Doug:
(picking splinters from my brain)
> >And behind +that+ is Kipling and Danny Deever.
>
>
> I'd agree on that. Kipling as progenitor of Service, & a lot of the
> bush poets in Australia too?
Kipling has to mark a turning-point. But bush poetry crops up in the oddest
places -- Wilde's "Reading Jail", frinstance [back to Kipling, again], and
even here and there in Peter Porter.
Auden fingered a bit of it in _The Oxford Book of Light Verse_.
I think some of it is the-masters-of-war stuff -- it's possible to run an
anti-war line [the poets Colin Powell reads in bed at night when he wakes up
thinking that he really +should+ have run against Dubya in the Republican
primaries] back to Anacreon. And the really +edged+ antiwar poems
(Anacreon, Gascoigne) are written by Other Ranks.

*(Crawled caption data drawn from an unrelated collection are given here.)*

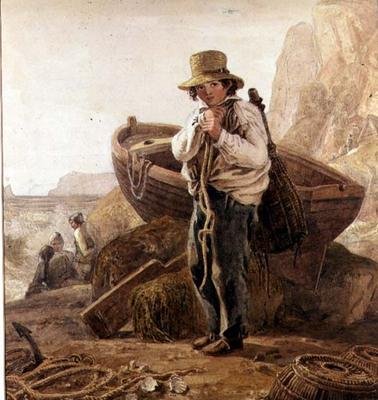 Il giovane pescatore da Joshua Cristall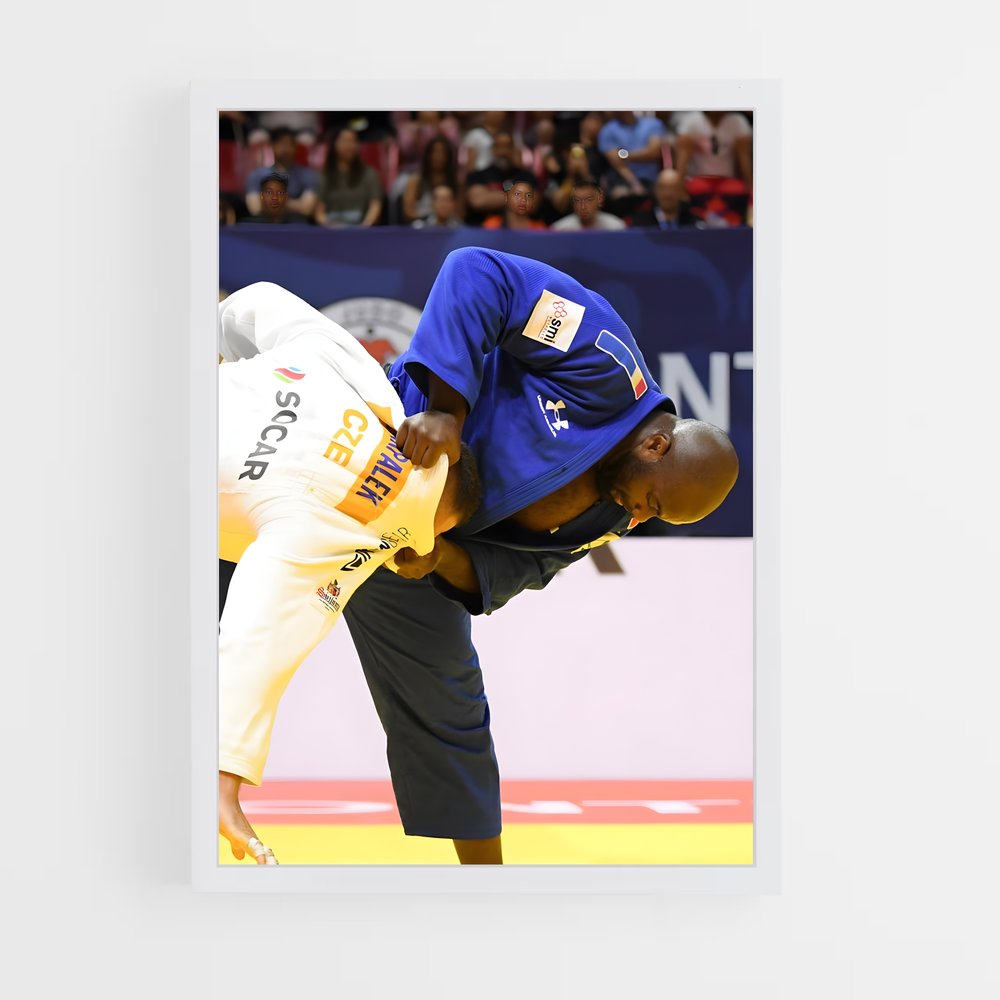 Poster Champion en Bleu – affiche Judo (vue 3)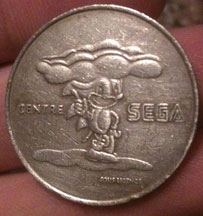 UK Coin Token Sonic Sega Centre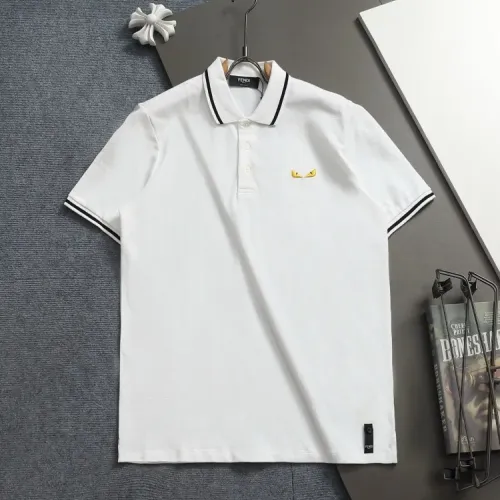 Wholesale Fendi T-Shirts Short Sleeved For Men #1438272 $38.00 USD, Wholesale Quality Replica Fendi T-Shirts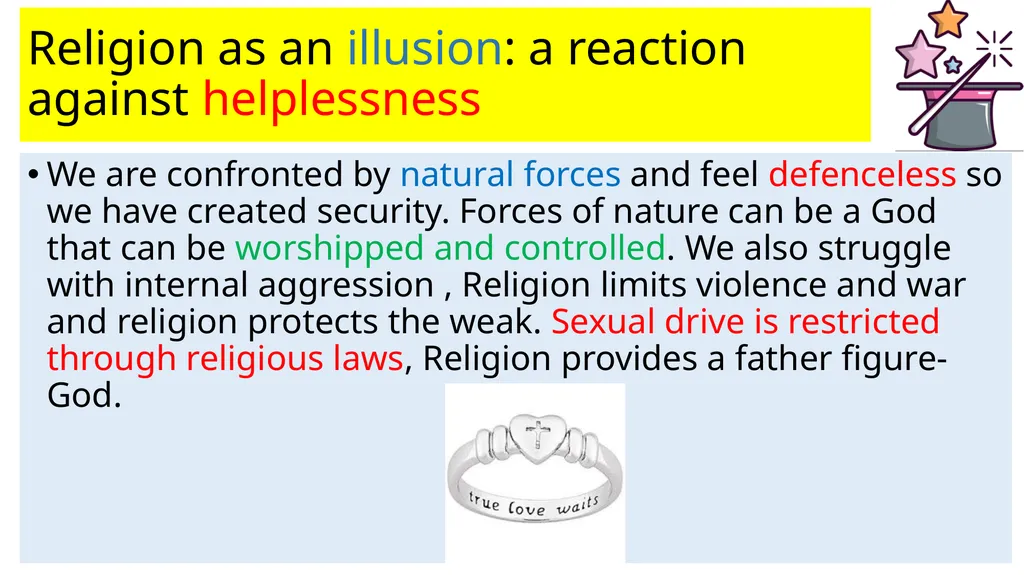 Theme 2: Challenges to religious belief D: - slide 7 of 13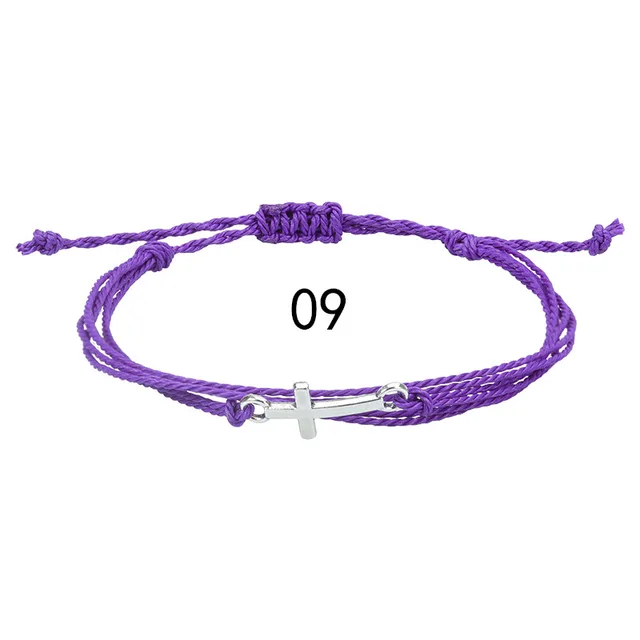 Men's And Women's Fashion Waterproof Wax Line Woven Bracelet 9 Style - Shop at LoveMi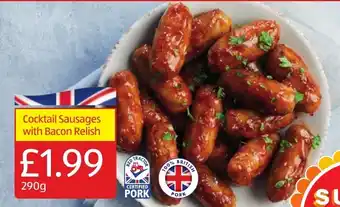 Aldi Cocktail Sausages with Bacon Relish 290g offer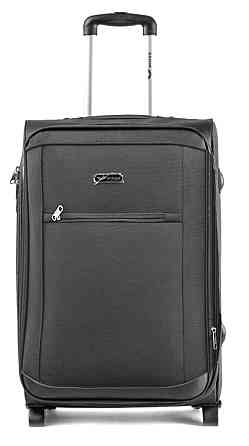 Валіза тканинна WINGS 1701 мала 55 см 2 колеса сіра Київ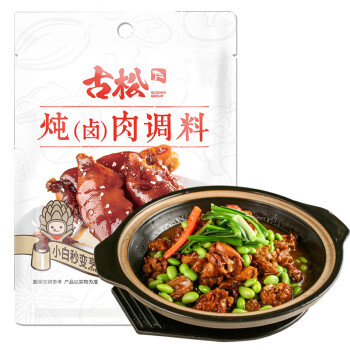 Gusong 古松食品 古松 炖卤肉调料包30g 11种配料 炖肉卤肉卤水汁15g*2包   二十年品牌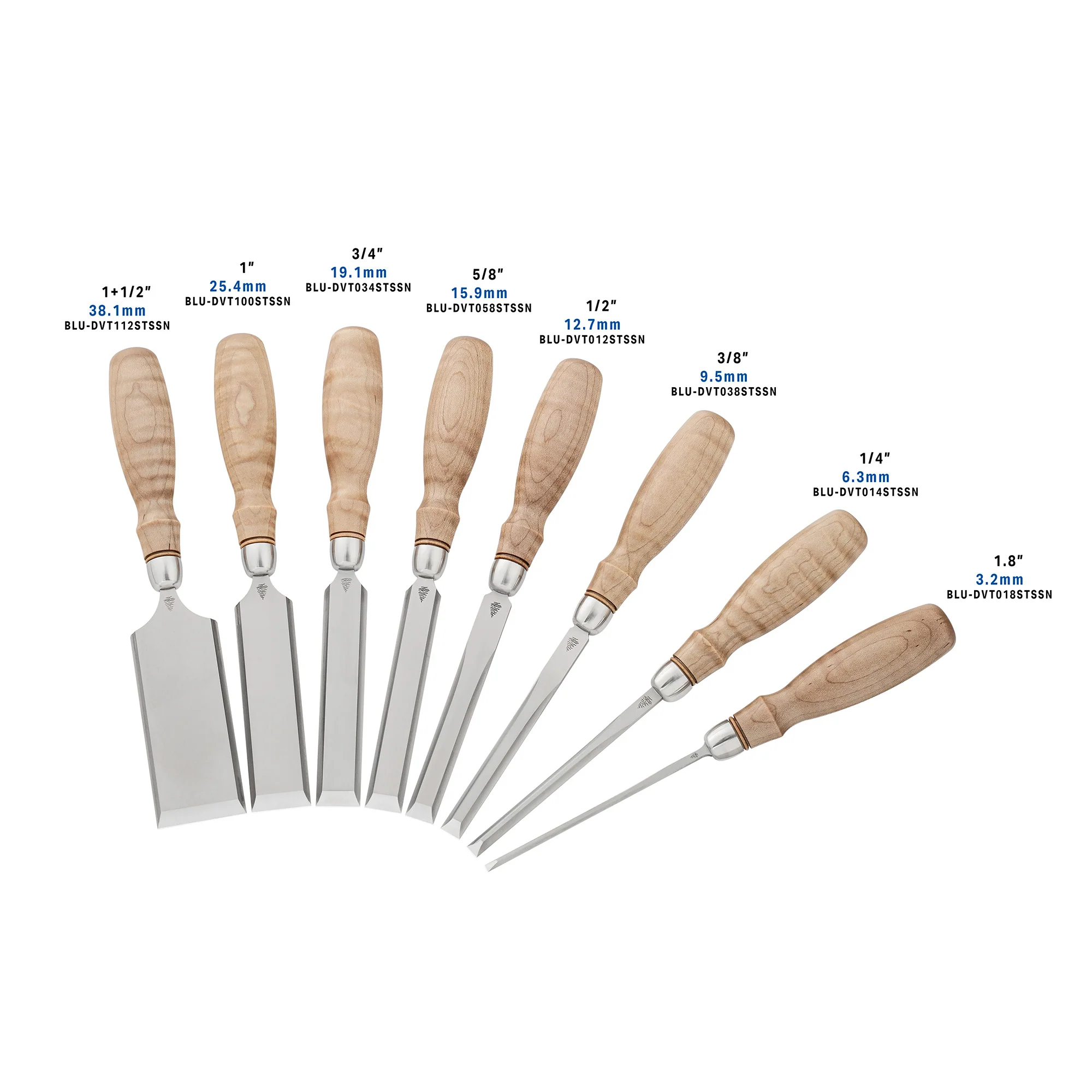 Blue Spruce Dovetail Chisel 1+1/2" 38.1mm - Image 3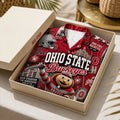 Ohio State Buckeyes Mascot Brutus Hawaiian Shirt Buckeyes Merch Football Fan Gift Ideas - Merchluma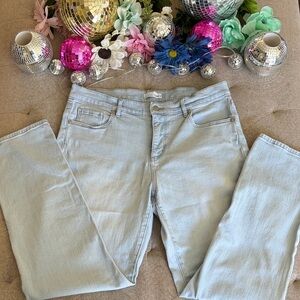 Loft Girlfriend Fit Light Wash Jeans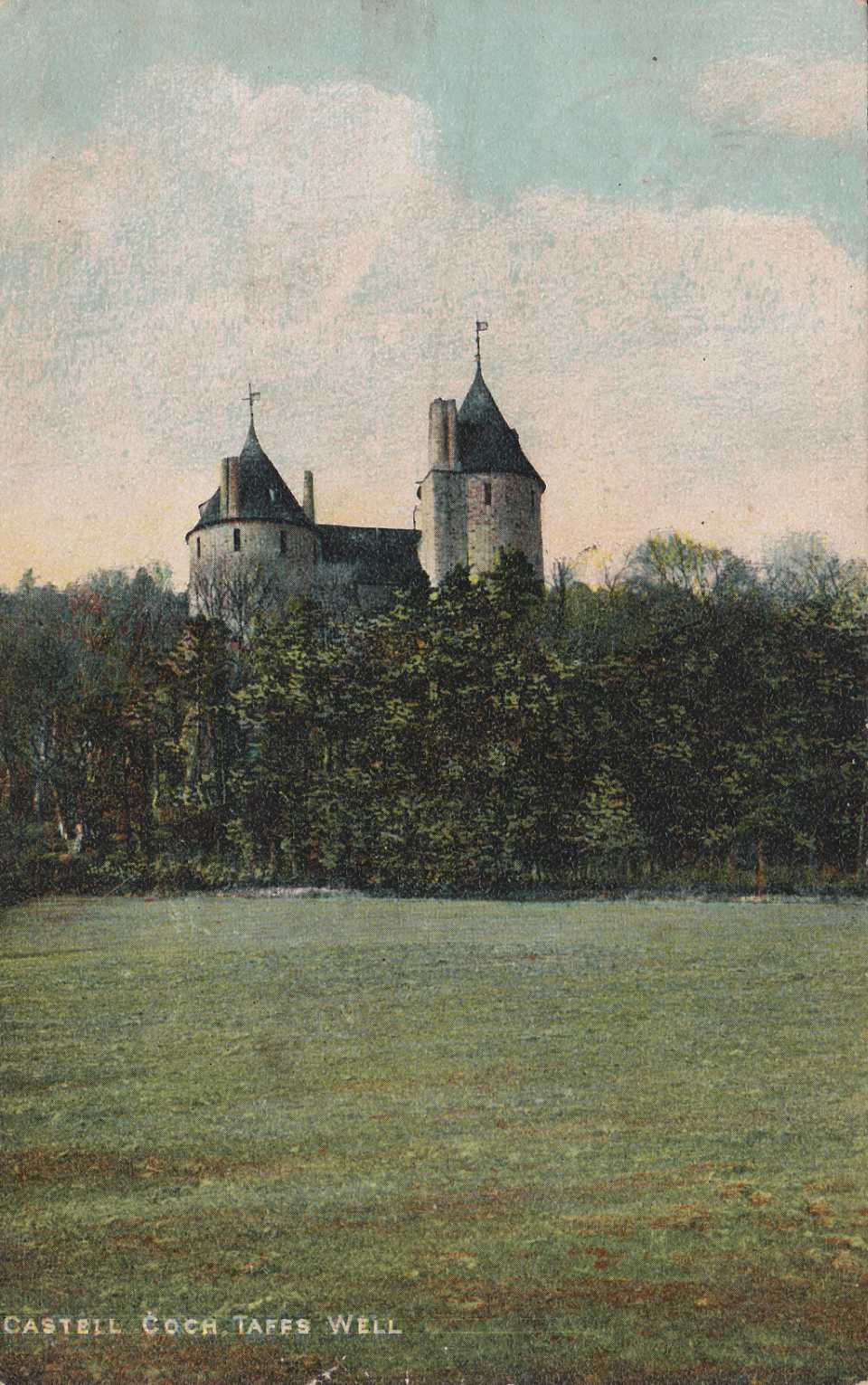 Postcard of Castell Coch posted in 1908
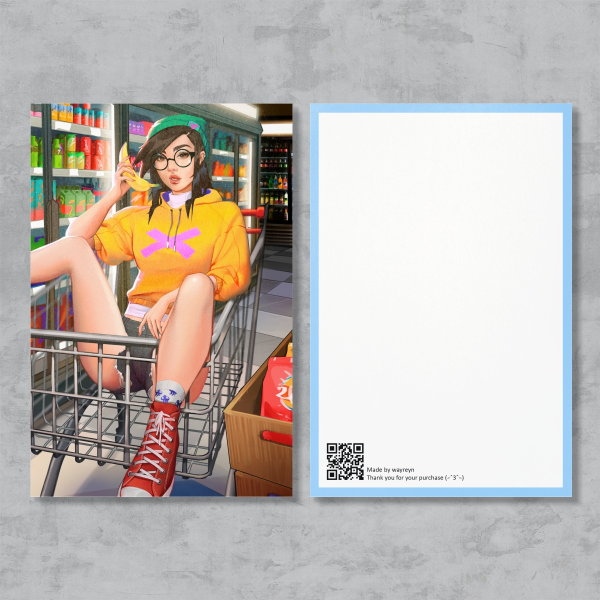 Killjoy Valorant Postcard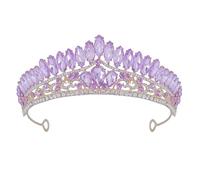 Corona de diamantes de imitación brillantes, accesorio para el pelo para los amantes de la moda, elegante diadema de novia, talla única, como se describe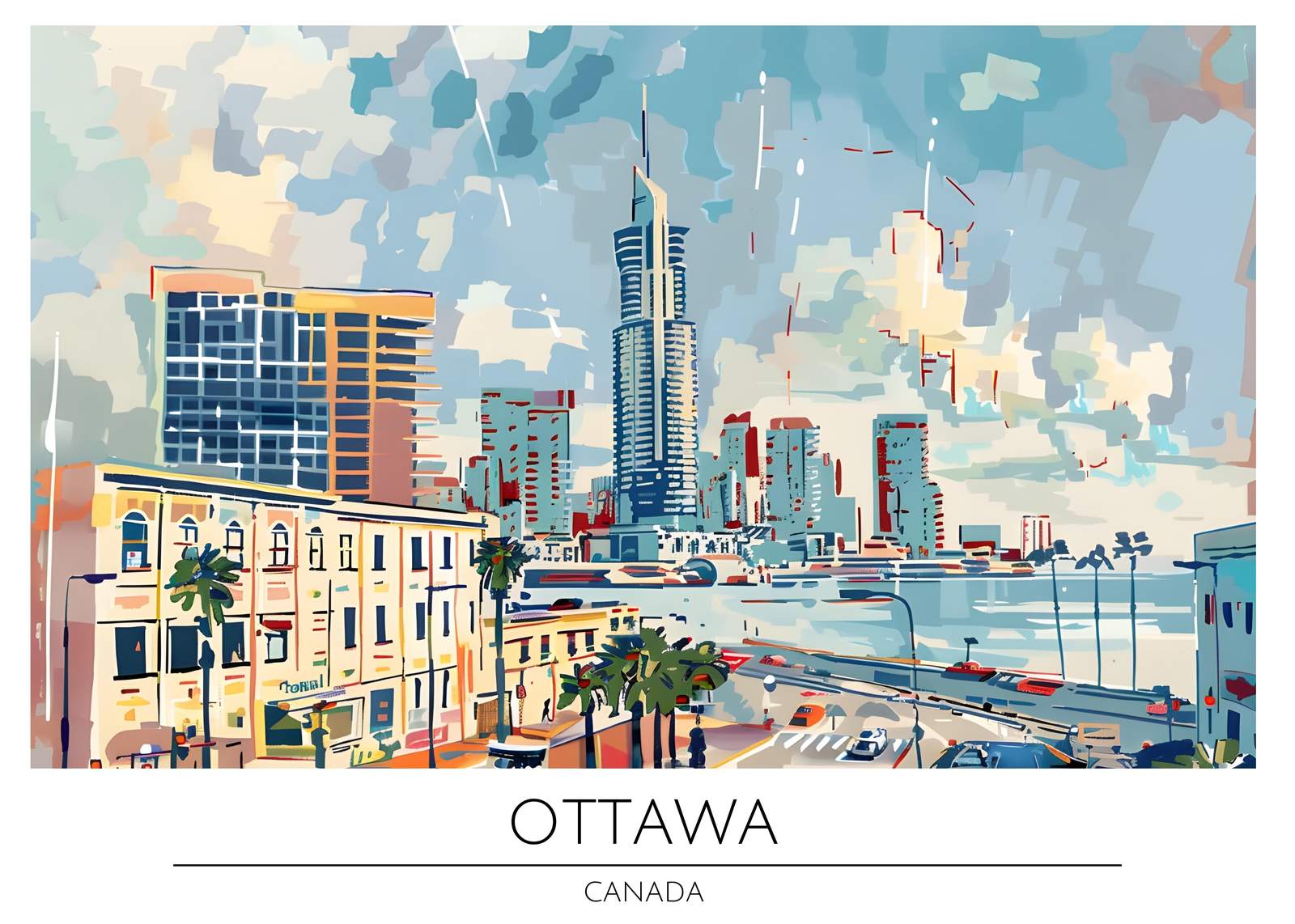 Vibrant Ottawa Cityscape Wall Art
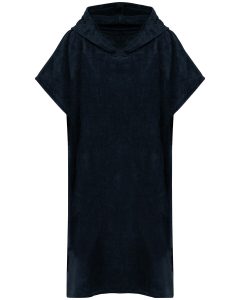 Unisex hooded towelling poncho Proact PA581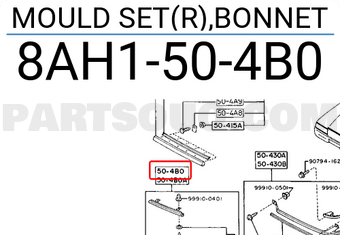 Mazda 8AH1504B0 MOULD SET(R),BONNET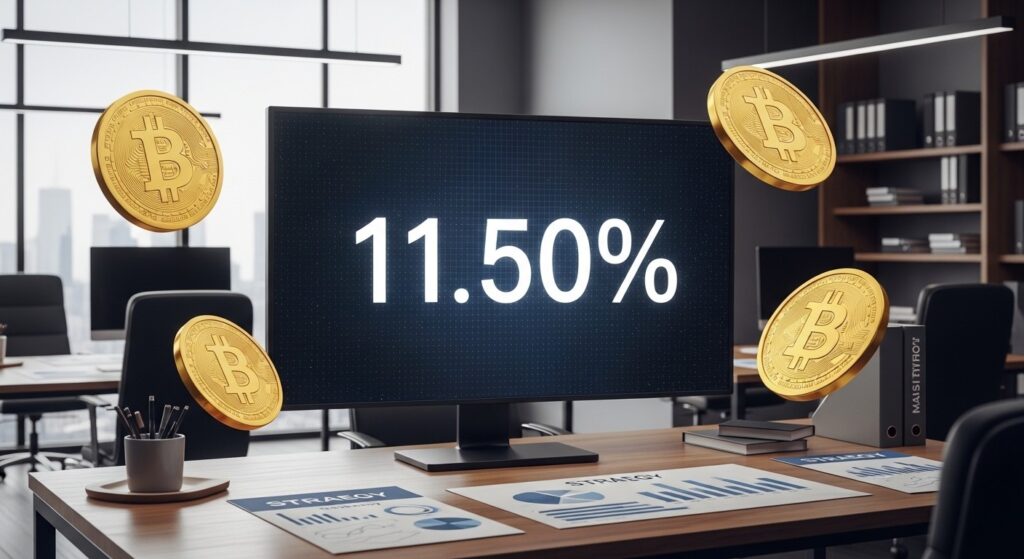 InfoCryptofr   Michael Saylor Augmente le Dividende STRC à 1150 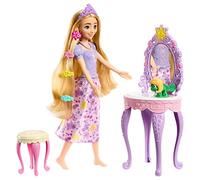 Mattel Disney Princess Juguetes, muñeca Rapunzel con ropa, Pascal y 10 accesorios inspirados en la película de Disney, juguete +3 años, HLX28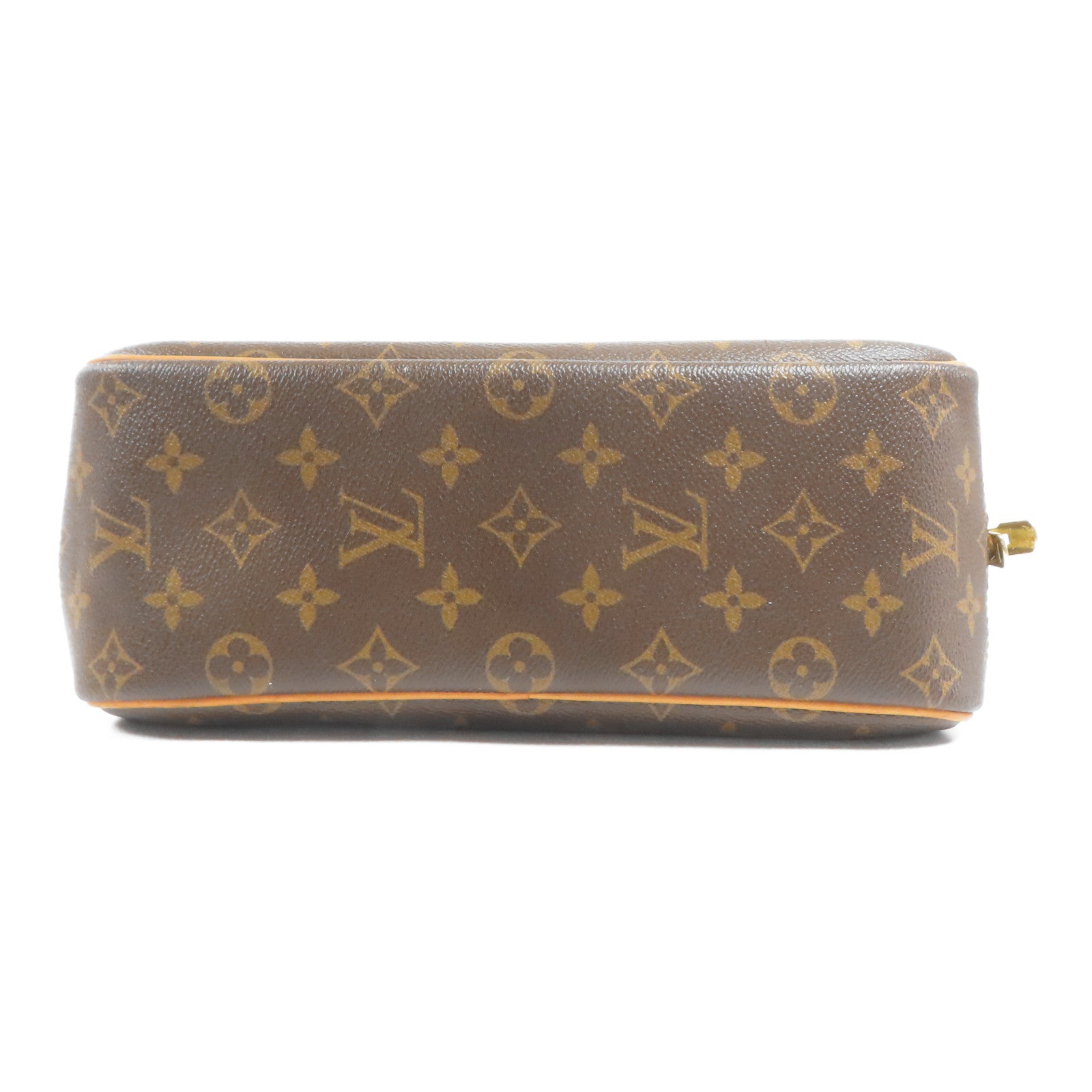 LOUIS VUITTON LV GHW Trouville Hand Bag M42228 Monogram Brown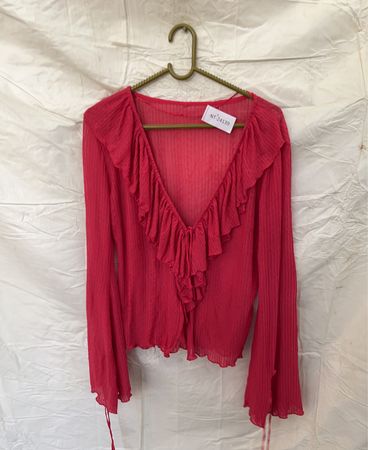 Pink Ruffled Blouse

{Ah, the usual WWI listing -- Sassoon and Owen were officer-class, Rosenberg
and Edward Thomas signed up as rankers. As did, of all people, the Ultimate
English Gentleman, Saki (H.H.Monro). With one of the few truly documented
Dying Words: "Put out that bloody cigarette!"}
Which is a lot of where Kipling is at.
And just exactly where "Vita Lampada" +isn't+ at.